Secrets from the Deep – The DNS Analytical Log – Part 3

Hi Team, it's Eric Jansen again, and as always, I'm excited to show you guys what I have in store for you.  Now, I gave you guys a break in Part 2 of the series and kept that one short, but break time is over, team; I'm going back to a bit of a more in-depth discussion today, so buckle up and get comfortable.  In this edition and in some future editions of the series, I'll be focusing on collecting data from the DNS Analytical Log, based on certain use cases and presenting it in a more concise and useful manner.  In order to do this, I'll share some examples of how you can parse the Analytical Log to find possible items of interest, since just scrolling through literally, what can be millions of lines of events, just doesn't sound like a fun time to me; Nor is it really feasible.  Time is money!

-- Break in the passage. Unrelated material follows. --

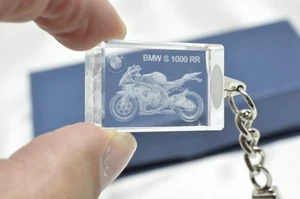 Schöner Schlüsselanhänger 3D Glaskristall BMW S 1000 RR - Bild 1 von 8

For this scenario, I've developed a customized Windows based version of the popular Pi-Hole, just without the pretty GUI.  I did this using PowerShell, policy, and some block lists from GitHub.  This was implemented on a non-domain joined physical server using 2019.  At the time of this writing the server has over 550K Query Resolution Policies to deny query attempts to domains listed within those QRPs.

Note:  An important side note for those that have a similar configuration to mine – there is a hard limit of how many policies you can ‘Get', using Get-DNSServerQueryResolutionPolicy.  That limit is 500K, however you can have more than 500K policies, and they will still work, but once you hit that threshold, you'll need some custom code (fear not, I've already written it and can share to those that are interested) to get past that limit for collecting information about those policies (though Get-DNSServerQueryResolutionPolicy still works fine if you're querying for a specific policy).  A topic that I may or may not discuss in the future.

In my scenario though, I have one domain per QRP (you aren't limited to that, that's just what I did), and those domains include ones that host ads, collect telemetry / tracking data, malware, and other unwanted domains.  Also, for those wondering, yes, in the build process, I did enable the DNS Analytical log – I'd have a hard time writing the rest of this blog if I didn't :smile:.  As I've alluded to previously, the use of DNS ‘black holes' or ‘sink holes' is a pretty common use case for DNS policy; as far as I can tell, it's second only to support requests for Split Brain configurations.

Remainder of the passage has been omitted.